● **Records supplied**:

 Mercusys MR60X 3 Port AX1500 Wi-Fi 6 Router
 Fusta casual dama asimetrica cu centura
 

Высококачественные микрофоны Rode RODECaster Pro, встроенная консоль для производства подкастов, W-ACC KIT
...
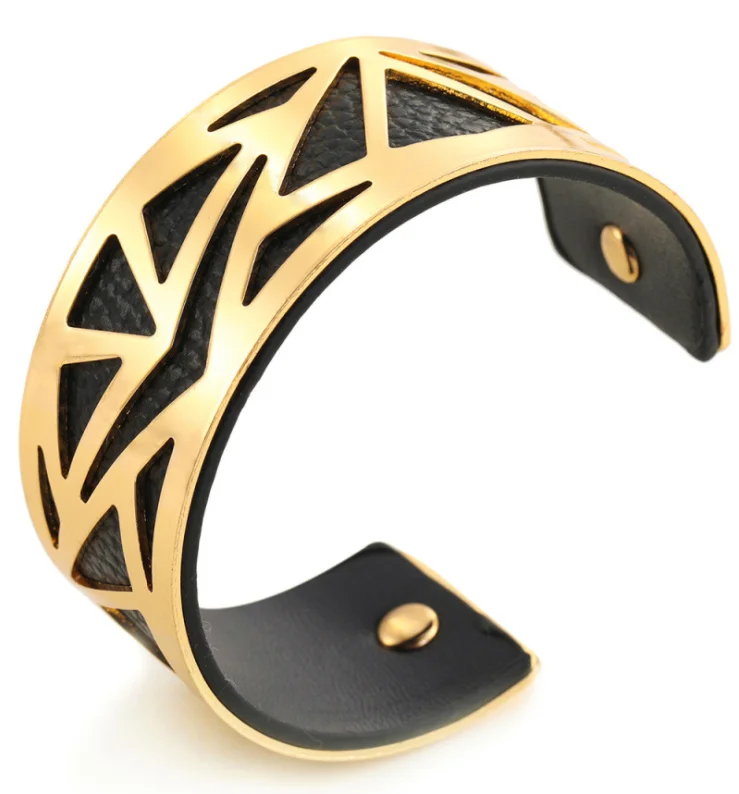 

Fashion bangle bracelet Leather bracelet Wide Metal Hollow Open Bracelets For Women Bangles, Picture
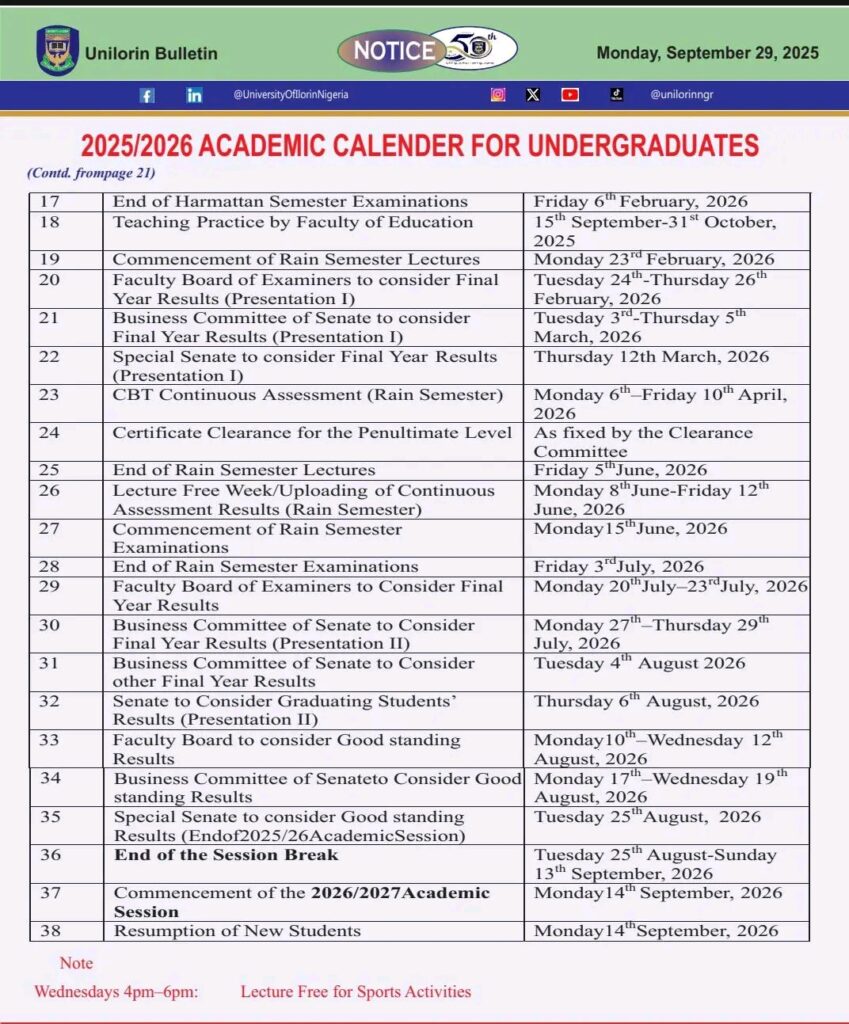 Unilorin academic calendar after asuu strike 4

● **How to complete this task**: From the records above, quote only the lines running from the line with "Fusta casual dama asimetrica cu centura" to the line with "Высококачественные микрофоны Rode", both lines included.

● **Task output**:
 Fusta casual dama asimetrica cu centura
 

Высококачественные микрофоны Rode RODECaster Pro, встроенная консоль для производства подкастов, W-ACC KIT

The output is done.